A: Lottery winners must have either the equivalent of a high school education or two years experience in an occupation which requires at least two years of training or experience. They must undergo an extensive background vetting procedure conducted by Department of State consular officers. They must also pass a subsequent inspection by U.S. immigration authorities upon their arrival in the U.S. Such procedures ensure they are otherwise eligible for visas/green cards after taking into consideration the numerous grounds of inadmissibility contained in our immigration laws. Some of the main areas for potential denial/exclusion include: healthrelated grounds; criminal history; security and terrorist concerns; and the likelihood they may become a public charge (e.g., indigence).
Q: Which countries will not be eligible for the current 2020 visa lottery?
A: For the DV-2020 Lottery Program, natives of the following countries are not eligible to enter because their countries sent a total of more than 50,000 immigrants to the U.S. in the previous five years: Bangladesh, Brazil, Canada, China (mainland-born), Colombia, Dominican Republic, El Salvador, Haiti, India, Jamaica, Mexico, Nigeria, Pakistan, Peru, Philippines, South Korea, United Kingdom and its dependent territories (except Northern Ireland), and Vietnam.
Q: Why does the Trump administration want to terminate the DV Lottery Program?

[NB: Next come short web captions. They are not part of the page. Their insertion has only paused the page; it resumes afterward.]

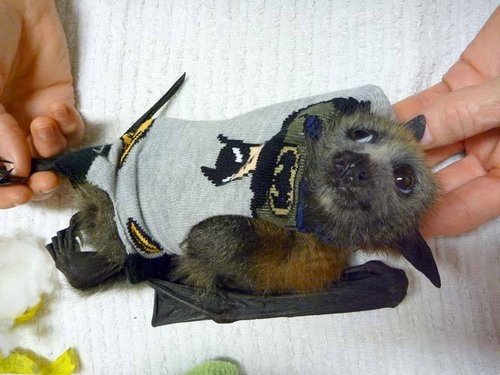 babybat.jpg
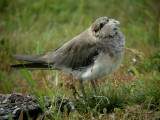 Oriental Pratincole (Glareola maldivarum), Orientalisk vadarsvala, Falsterbo 2001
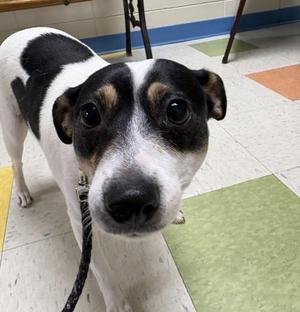 Hera, Rat Terrier, young, available for adoption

A: Virtually all of the administration’s actions to date demonstrate an intention to reduce, or eliminate entirely, many current avenues for legally immigrating to the U.S. (e.g. Family and Employment related, Asylum, etc.). However, the administration’s specific public criticism of the DV lottery to date came in a speech by President Trump. He alleged, “foreign governments game the diversity visa program to let their worst citizens immigrate to the United States.”
Q: How persuasive is the administration’s argument for termination of the DV Lottery Program?
A: Such reasoning is problematic for two reasons. First, the DV program’s selection process is implemented through a randomized computer drawing conducted by the U.S. Department of State. The feasibility of a foreign government wanting to, and then somehow being able to, manipulate the lottery in favor of their “worst citizens” without detection is dubious. Second and most importantly, the U.S. Department of State’s extensive vetting procedures described above would undoubtedly weed out such “worst citizens” as disqualified on numerous different legal grounds. Most economists agree legal immigration is and always has been beneficial to the U.S. economy. This is especially true in our current environment of record low unemployment and aging baby boomers. Data from the U.S. Department of Homeland Security’s 2015 Yearbook of Immigration Statistics show 32 percent of those who came through the diversity visa program in fiscal year 2015 were employed in management, professional and related occupations. Another 36 percent were students or children of winners. The role legal immigration has always played in our county is attested to by the Latin phrase engraved on the Great Seal of the United States, “E Pluribus Unum”, or “Out of the many, one.”